_Instructions to follow_
Only the lines from the top of the data through the line containing "Photo 21 at" should be duplicated, exactly as they appear.

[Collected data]
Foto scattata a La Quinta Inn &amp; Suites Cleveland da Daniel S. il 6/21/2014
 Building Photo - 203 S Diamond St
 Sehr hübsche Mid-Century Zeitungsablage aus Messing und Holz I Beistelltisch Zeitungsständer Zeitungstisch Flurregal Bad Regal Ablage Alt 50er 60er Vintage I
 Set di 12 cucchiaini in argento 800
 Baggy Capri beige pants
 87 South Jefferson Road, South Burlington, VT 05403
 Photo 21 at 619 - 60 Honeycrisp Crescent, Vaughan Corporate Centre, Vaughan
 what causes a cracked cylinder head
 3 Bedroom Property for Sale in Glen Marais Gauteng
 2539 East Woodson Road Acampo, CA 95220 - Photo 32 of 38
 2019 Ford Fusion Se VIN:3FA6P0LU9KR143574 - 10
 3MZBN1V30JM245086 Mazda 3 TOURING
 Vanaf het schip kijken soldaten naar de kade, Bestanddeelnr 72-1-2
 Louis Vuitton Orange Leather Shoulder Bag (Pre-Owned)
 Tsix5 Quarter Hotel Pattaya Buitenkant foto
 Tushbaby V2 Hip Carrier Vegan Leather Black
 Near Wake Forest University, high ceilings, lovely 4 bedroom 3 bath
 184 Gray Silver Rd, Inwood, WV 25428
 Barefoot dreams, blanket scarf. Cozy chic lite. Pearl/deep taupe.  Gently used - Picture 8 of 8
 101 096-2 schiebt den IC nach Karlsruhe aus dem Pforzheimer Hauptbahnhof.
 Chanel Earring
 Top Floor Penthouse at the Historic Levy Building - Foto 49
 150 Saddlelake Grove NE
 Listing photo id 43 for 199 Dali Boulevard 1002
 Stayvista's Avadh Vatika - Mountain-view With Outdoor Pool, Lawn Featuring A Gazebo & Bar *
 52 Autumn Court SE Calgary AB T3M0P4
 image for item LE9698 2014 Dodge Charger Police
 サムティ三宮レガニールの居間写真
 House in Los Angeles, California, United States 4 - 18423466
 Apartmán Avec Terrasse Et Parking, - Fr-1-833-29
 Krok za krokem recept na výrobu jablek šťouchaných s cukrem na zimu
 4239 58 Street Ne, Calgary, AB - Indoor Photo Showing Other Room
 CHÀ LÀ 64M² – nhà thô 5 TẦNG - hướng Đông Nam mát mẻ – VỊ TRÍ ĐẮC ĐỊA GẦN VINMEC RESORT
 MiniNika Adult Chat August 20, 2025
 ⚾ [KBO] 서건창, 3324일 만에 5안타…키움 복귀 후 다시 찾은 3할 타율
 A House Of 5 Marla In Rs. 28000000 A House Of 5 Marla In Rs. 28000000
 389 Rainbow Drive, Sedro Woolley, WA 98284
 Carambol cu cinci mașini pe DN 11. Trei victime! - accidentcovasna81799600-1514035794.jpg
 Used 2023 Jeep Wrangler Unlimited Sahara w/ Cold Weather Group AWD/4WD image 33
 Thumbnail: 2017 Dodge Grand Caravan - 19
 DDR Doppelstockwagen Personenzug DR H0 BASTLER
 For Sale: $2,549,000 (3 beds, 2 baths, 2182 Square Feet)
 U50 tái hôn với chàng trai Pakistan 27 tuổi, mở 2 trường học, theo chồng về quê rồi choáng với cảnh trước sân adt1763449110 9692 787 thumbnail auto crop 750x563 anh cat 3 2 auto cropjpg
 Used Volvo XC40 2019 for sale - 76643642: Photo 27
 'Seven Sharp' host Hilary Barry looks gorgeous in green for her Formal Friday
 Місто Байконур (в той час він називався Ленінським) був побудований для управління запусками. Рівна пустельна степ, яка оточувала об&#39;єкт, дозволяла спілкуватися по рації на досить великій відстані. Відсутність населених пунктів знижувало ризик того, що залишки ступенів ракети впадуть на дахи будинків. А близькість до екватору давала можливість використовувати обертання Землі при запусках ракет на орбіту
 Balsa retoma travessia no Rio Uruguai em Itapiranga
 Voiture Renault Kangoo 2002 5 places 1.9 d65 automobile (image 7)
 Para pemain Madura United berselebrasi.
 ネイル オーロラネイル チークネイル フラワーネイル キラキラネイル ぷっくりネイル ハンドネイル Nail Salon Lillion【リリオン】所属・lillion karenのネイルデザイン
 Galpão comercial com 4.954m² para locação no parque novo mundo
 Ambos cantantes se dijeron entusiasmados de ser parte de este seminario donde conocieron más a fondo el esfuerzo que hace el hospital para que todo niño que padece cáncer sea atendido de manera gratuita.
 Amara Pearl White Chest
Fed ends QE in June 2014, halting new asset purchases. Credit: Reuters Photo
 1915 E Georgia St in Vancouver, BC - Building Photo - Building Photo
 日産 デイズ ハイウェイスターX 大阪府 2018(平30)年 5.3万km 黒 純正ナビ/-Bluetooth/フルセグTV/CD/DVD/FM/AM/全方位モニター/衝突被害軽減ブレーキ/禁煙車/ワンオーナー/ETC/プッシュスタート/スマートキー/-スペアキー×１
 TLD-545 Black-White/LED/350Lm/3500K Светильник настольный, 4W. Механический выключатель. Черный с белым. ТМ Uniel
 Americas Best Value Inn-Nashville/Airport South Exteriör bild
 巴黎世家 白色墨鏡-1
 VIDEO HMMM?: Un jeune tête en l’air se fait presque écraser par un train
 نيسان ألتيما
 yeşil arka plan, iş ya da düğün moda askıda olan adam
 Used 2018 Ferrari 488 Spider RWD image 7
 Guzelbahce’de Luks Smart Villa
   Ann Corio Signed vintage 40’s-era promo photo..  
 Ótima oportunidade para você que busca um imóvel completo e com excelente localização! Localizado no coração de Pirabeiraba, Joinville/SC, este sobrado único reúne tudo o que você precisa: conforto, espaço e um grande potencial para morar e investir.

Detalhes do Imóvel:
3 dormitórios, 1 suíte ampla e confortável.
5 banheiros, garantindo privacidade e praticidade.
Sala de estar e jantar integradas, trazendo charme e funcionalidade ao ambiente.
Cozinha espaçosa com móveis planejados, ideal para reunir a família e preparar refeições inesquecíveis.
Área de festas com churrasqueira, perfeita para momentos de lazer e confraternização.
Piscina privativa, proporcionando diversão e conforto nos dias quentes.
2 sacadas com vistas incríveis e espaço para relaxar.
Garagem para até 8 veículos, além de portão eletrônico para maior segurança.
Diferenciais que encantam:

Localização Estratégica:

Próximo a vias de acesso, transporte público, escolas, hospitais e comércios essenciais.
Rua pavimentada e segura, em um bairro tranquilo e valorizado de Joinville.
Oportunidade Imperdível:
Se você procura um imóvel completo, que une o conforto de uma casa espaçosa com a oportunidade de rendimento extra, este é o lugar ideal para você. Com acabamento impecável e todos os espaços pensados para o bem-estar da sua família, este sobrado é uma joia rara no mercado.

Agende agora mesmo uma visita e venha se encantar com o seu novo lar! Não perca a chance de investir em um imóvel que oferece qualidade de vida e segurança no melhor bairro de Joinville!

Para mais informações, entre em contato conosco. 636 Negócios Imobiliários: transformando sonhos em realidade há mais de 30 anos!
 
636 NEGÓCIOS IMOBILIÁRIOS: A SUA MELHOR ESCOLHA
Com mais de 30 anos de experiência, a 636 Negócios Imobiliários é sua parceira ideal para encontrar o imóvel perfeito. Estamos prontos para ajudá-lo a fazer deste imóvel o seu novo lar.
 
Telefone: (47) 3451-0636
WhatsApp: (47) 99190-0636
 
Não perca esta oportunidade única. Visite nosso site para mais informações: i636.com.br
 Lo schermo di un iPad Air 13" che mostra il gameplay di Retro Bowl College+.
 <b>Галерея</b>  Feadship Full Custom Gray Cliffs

_Problem solution_
Foto scattata a La Quinta Inn &amp; Suites Cleveland da Daniel S. il 6/21/2014
 Building Photo - 203 S Diamond St
 Sehr hübsche Mid-Century Zeitungsablage aus Messing und Holz I Beistelltisch Zeitungsständer Zeitungstisch Flurregal Bad Regal Ablage Alt 50er 60er Vintage I
 Set di 12 cucchiaini in argento 800
 Baggy Capri beige pants
 87 South Jefferson Road, South Burlington, VT 05403
 Photo 21 at 619 - 60 Honeycrisp Crescent, Vaughan Corporate Centre, Vaughan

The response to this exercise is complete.